▶ [About this task] Extract from the entries below, exactly as given, only the lines from the line containing "Stay Close Ribbed" to the line containing "Givenchy Box Calfskin", both lines included.

(Brief descriptive captions)
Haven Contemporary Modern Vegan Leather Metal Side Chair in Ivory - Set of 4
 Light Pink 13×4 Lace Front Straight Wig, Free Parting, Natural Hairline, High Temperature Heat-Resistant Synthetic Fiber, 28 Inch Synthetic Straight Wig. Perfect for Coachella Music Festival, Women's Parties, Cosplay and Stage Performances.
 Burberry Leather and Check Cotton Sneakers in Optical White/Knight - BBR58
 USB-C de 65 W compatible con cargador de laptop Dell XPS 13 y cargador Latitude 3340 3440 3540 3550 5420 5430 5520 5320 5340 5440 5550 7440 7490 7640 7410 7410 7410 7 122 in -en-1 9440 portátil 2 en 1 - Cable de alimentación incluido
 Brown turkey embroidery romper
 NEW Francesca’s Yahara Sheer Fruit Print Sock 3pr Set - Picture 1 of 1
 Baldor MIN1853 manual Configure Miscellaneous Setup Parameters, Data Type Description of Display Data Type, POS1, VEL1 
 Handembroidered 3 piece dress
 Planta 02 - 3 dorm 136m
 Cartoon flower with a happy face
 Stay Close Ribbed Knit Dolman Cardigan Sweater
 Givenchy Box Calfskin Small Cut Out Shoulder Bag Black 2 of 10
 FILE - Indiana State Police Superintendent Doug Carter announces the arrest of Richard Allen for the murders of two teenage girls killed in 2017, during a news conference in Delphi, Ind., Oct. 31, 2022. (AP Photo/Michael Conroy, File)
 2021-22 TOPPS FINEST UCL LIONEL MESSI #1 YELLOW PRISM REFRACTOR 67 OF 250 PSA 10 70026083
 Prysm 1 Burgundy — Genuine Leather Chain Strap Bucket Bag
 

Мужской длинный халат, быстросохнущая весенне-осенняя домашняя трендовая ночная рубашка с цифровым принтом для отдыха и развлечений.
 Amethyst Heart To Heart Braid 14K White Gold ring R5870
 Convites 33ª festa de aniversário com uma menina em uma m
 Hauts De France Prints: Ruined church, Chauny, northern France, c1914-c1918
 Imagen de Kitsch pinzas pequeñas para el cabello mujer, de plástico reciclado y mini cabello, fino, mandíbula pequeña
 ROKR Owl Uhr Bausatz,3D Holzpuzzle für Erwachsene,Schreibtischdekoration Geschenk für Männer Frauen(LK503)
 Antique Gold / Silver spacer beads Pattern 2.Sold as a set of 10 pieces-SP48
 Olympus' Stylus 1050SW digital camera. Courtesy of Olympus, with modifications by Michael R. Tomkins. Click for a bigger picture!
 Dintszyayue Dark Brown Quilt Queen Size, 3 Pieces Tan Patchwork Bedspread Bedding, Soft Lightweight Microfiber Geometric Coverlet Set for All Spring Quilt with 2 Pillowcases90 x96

▶ [Task output]
 Stay Close Ribbed Knit Dolman Cardigan Sweater
 Givenchy Box Calfskin Small Cut Out Shoulder Bag Black 2 of 10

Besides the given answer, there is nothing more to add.